A ironia era, talvez, a característica mais imediata
do seu temperamento, da maneira de exprimir o pensamento na atitude diária.
Atitude esta que não é nem fácil de entender, nem fácil de aceitar. A ironia é
uma arte subtil e revela, em primeira instância, sábio tratamento e aplicação
das palavras. Requer sinais de inteligência imediata para se poder perceber se
é elogio, se é crítica, se é sarcasmo. Mas no caso de Rómulo, a ironia era
incrivelmente sedutora, porque nunca, por nunca ser magoava. Não eram pedradas
palavrosas nem gracejos desajustados. Era a fina ironia, a elegante, e mesmo
que fosse para contrariar ou apreciar ou criticar negativamente, Rómulo falava
de maneira tal que ninguém se sentia tocado ou ofendido. Pelo contrário, percebia-se
muito bem o que poderia estar mal. E os acontecimentos incomuns na família ou
na profissão eram contados e traduzidos de um modo completamente diferente do
habitual, com palavras distintas e divertidas, embora por vezes de compreensão
complexa a quem estivesse alheado do assunto ou fosse menos atento.

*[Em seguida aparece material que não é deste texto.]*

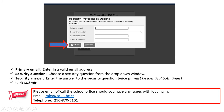If you have any issues getting logged into your family account, please email or call the school office. The email and telephone number are listed below this video. Thank you.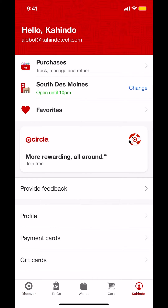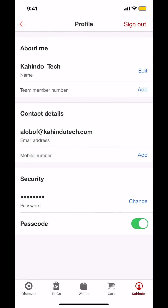Then you'll arrive on the next screen. Look for where it says Profile and tap on Profile right there. Once you arrive on the following screen, look in the upper right-hand corner — you're going to see Sign Out. Make sure you tap on where it says Sign Out right there.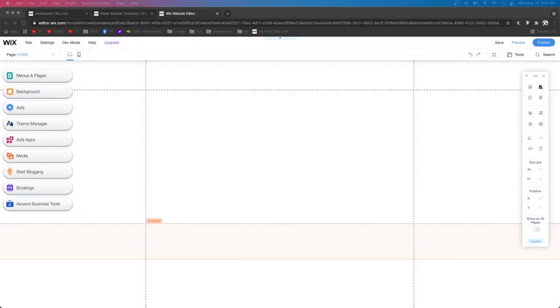Hey guys, welcome back to WixFix. Hope you're having a fantastic day. In today's quick tip, I'm going to be teaching you guys how to make wider websites in the Classic Editor.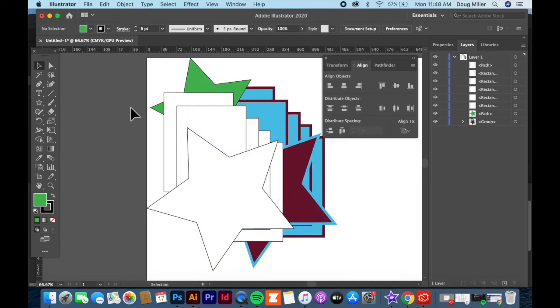But the key commands or right clicking on the object when it's selected is probably the best way to go about doing that for now. That's your arrange tools. Send to back, bring to front, Command or Control bracket on the keyboard.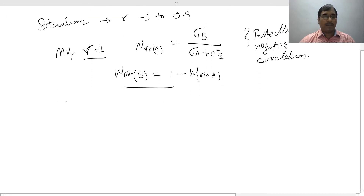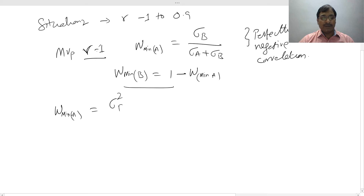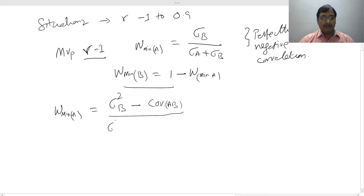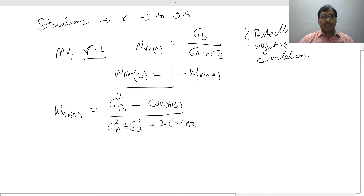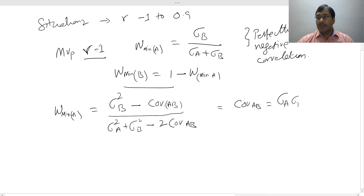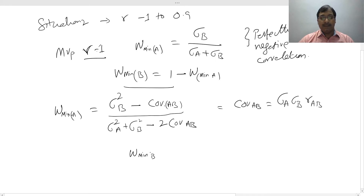The weight of minimum of B equals one minus weight of minimum of A. In the second scenario, where the correlation ranges anywhere between minus one and positive values, the weight of minimum of A equals variance of B minus covariance of AB, divided by variance of A plus variance of B minus two times covariance of AB. The covariance of AB equals standard deviation of A times standard deviation of B times correlation of AB. Then weight of minimum of B equals one minus weight of minimum of A.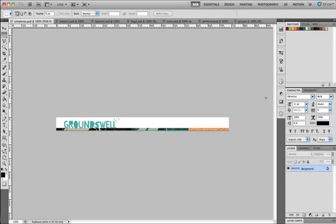Hello and welcome to this tutorial which is going to focus on creating navigation graphics in Photoshop CS 5.1, and we're going to start off by building a very simple navigation bar.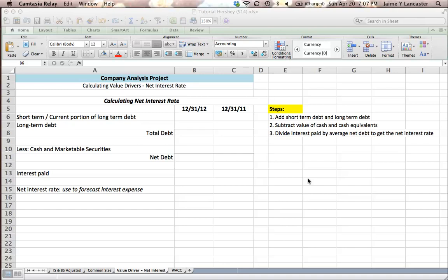In this tutorial, we are going to look at calculating the interest rate that we're going to use for forecasting as part of our company analysis project.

A sua caricatura mais interessante foi um desenho
feito por ele próprio, um autorretrato, em que expõe uns olhos enormes e
redondos sob uma testa cheia de rugas. Na cabeça calva sobressai um único e
pelo, um rebelde resistente.
Uma grande graça irónica dele próprio.
Cristina
Carvalho em Rómulo de Carvalho/António Gedeão, Príncipe Perfeito.